Assuming I don't need to maintain the orchard to keep the Ag exemption or anything, I wonder if there's any harm in taking a pretty hands-off approach and treating an orchard more like any other wooded area on a property?  Wouldn't get the same pecan yield, I'm sure, but some of these places have an acre+ in pecans!  I don't like them *that* much!  LOL  And in all seriousness, I suppose I could try and sell them, but I'm not sure I'm ready to get into farming for profit at this point.  So maybe just let the animals graze in the orchard sometimes, don't get crazy with the weed control or anything, and see what happens?  Or is that orchard sacrilege since someone took the time to put in the orderly orchard to being with?  I dunno...


----------



## frustratedearthmother (Apr 7, 2017)

Get pigs!  They'll clean up those pecans for you and you'll have some delicious meat!


----------



## LMK17 (Apr 7, 2017)

LOL!  That was one of my first thoughts when I started seeing orchards pop up on these properties-- "Ooh!  That would be a good place to run the pigs!"  We do plan to raise a couple feeder pigs each year.  I'll have to figure out how long to run the pigs in an orchard without their damaging anything, but yes, pigs in the orchard are a definite plan.


----------



## Bossroo (Apr 7, 2017)

Your in Texas ,  see what the feral pigs do to a property in ONE DAY.


----------



## Mini Horses (Apr 8, 2017)

I've always felt chickens or guineas were best at nut trees.  They will eat the pesty things, not the nuts.   HOWEVER don't try this in a blueberry patch...they love those things & you get none!  

My experience has always been with a few trees.   Yes, some type of bug will get into them & destroy the nut but, commercial places control with sprays -- collect nuts with machine help.  My 3 trees on another farm were fine with the birds doing most bug & larvae control.   They ate my much awaited blueberries

Pigs will root and can kill a tree because of that, left long enough.


----------



## frustratedearthmother (Apr 8, 2017)

Good idea for chickens and guineas in the orchard.  They sure will eat the bugs and other pesky things.  I had a pig one time pull a freshly planted fruit tree right out of the ground!  I don't think they could damage a mature pecan three though....     Yep - no birds in the blueberry patch!


----------



## misfitmorgan (Apr 8, 2017)

Mature trees should be ok with pigs. 

The acorn finished hogs that are famous and come from Spain(iberico pork) are let to run in a sparsely wooded oak stand of approx 2.5acre per pig 3-4 months before being butchered.
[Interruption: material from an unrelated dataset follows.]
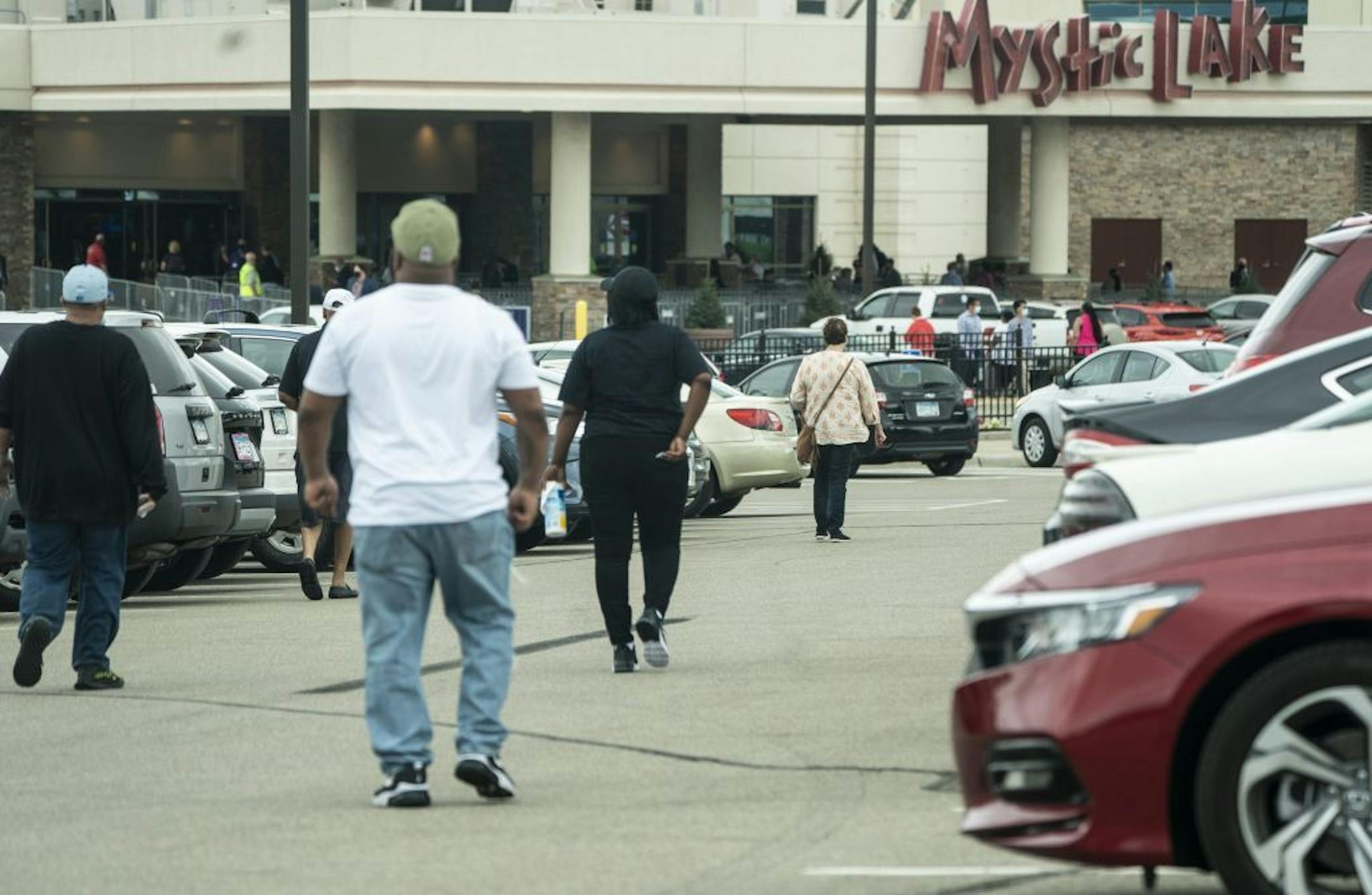 People walked into the Mystic Lake Casino in Shakopee, Minn., on Tuesday, May 26, 2020 on the first day it reopened after COVID-19 shut it down two months ago.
The pigs are put in the forest at 10months old and 200lbs and when they leave the forest they are approx 400lbs. These pigs are fed nothing else at all for those 3-4 months.
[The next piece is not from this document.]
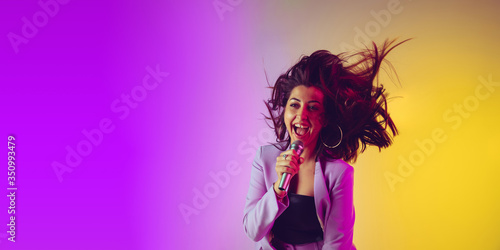 Caucasian female singer portrait isolated on gradient studio background in neon light. Beautiful female model in pink wear with microphone. Concept of human emotions, facial expression, ad, music, art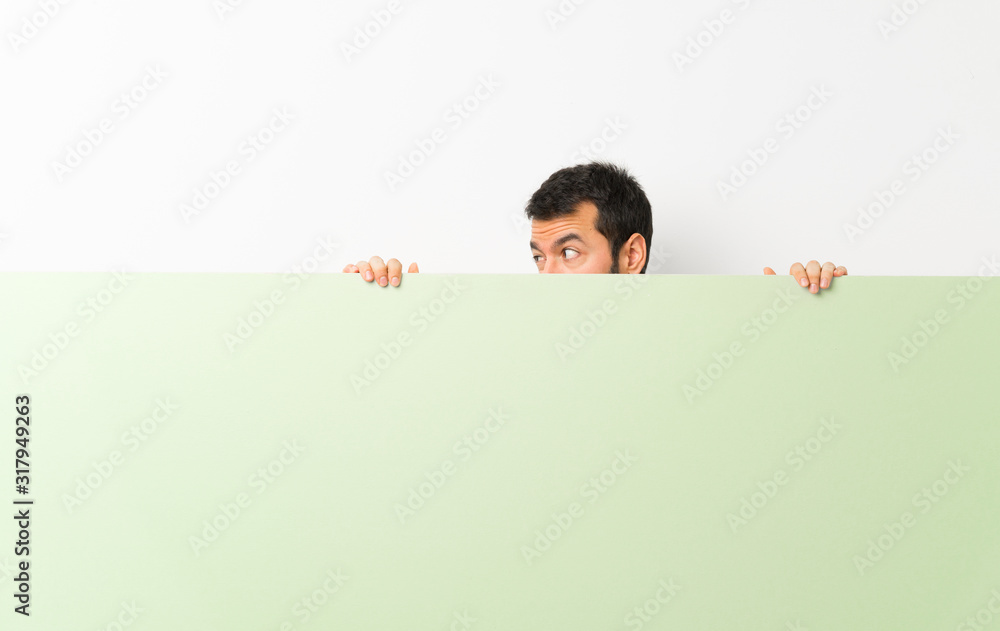 Young handsome man with beard holding a big green empty placard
I believe if you put the pigs in there when there is a large number of pecans on the ground and watch for them to eat most of the pecans then move them...you should be ok. From some simple math i would say you would be fine letting them for for about 14 days while keeping an eye on things. If your concerned about them damaging to much you can put out a self-feeder with grain for them as well.

People all over the world pasture in orchards of all sorts, as long as they are well established and you watch the pigs they dont have problems and the ground improves year after year as well as the pigs eating grubs and other pests.

For the pecan trees....i found this..seems pretty useful.
http://www.clemson.edu/extension/hgic/hot_topics/2010/02fertilize_pecans.html


----------



## LMK17 (Apr 8, 2017)

Bossroo said:


> Your in Texas ,  see what the feral pigs do to a property in ONE DAY.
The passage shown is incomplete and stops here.